A concessão de privilégios fiscais em 2026 deve chegar a R$618,4 bilhões, conforme divulgado pela Associação Nacional dos Auditores Fiscais da Receita Federal do Brasil (Unafisco Nacional). Mas, por trás de cifras tão consideráveis, o que os privilégios fiscais significam e por que esse assunto se relaciona profundamente com o benefícios de setores extremamente ricos e com as desigualdades sociais?
Hoje, o Clube U. vai colocar uma lupa sobre esse assunto para entender questões tributárias brasileiras que nasceram com um objetivo específico, mas que na prática podem ganhar contornos um pouco diferentes. Por isso, leia até o final e entenda por que o Governo deixa de arrecadar valores expressivos e como isso impacta a sociedade brasileira.
O que são privilégios fiscais?
Quando citamos acima que a concessão de privilégios fiscais deve chegar a mais de 600 bilhões de reais, queremos dizer que o Governo vai deixar de arrecadar aquele valor, por meio de benefícios fiscais. Esses benefícios, também chamados de renúncias fiscais, são políticas tributárias em que os órgãos deixam de captar dinheiro de impostos em troca de contrapartidas.
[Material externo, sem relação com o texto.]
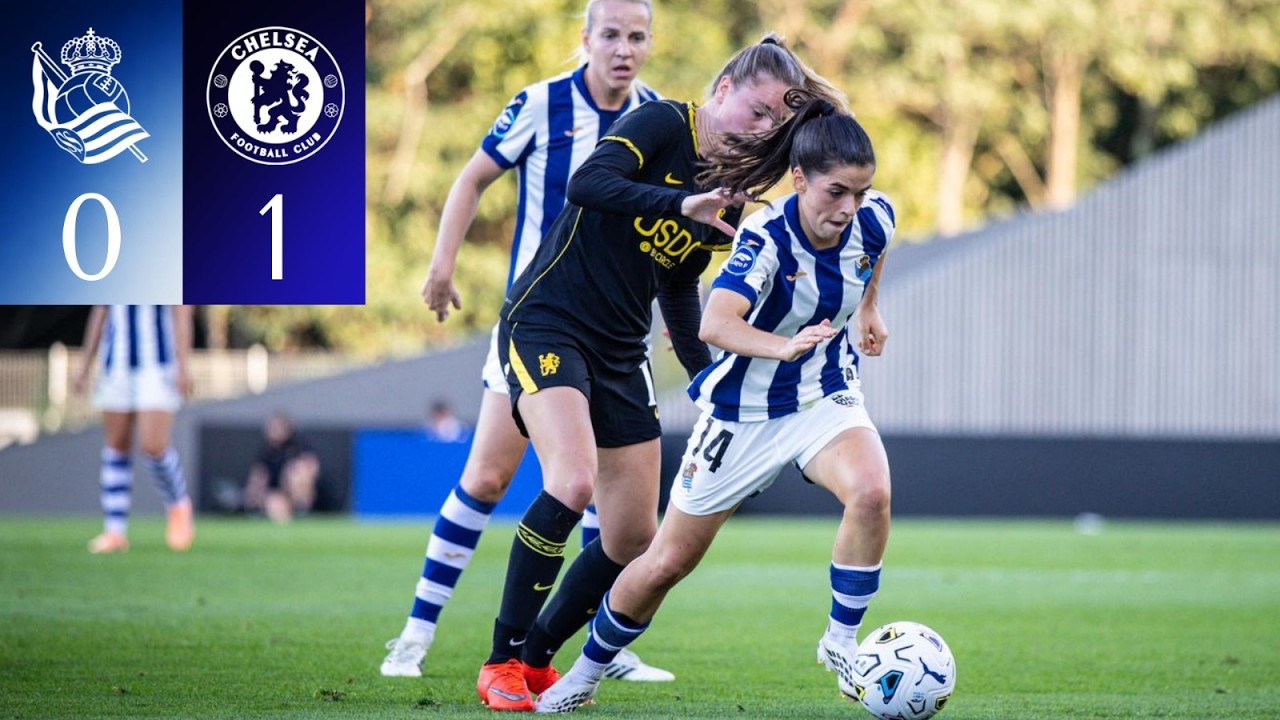 Real Sociedad vs Chelsea ภาพวิดีโอไฮไลท์ฟุตบอล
As contrapartidas podem ser investimentos em setores estratégicos e em realizações que visam reduzir as desigualdades sociais. Ou seja, alguns setores recebem incentivos fiscais e parte dos valores “economizados” com tributos voltam à sociedade por meio da implementação de diferentes projetos, como aqueles voltados à tecnologia, sustentabilidade e atuação em áreas mais vulneráveis.
Quando essas contrapartidas não acontecem, porém, esses benefícios se tornam privilégios fiscais. Neste ano de 2026, conforme estimativas da Unafisco Nacional, serão concedidos R$ 903 bilhões em benefícios, sendo que mais de R$618 bilhões são considerados privilégios e não terão retorno para a sociedade em forma de contrapartidas, ou seja, 70% do valor das renúncias.
Ainda de acordo com o diagnóstico da Unafisco Nacional, os privilégios fiscais agravam a concentração de renda entre grupos mais riscos e, diferente do que foi projetado na Constituição Federal, que prevê os benefícios, não há qualquer contribuição para a redução das desigualdades. É importante destacar que essas renúncias, quando aplicadas as contrapartidas, são sim relevantes para o país.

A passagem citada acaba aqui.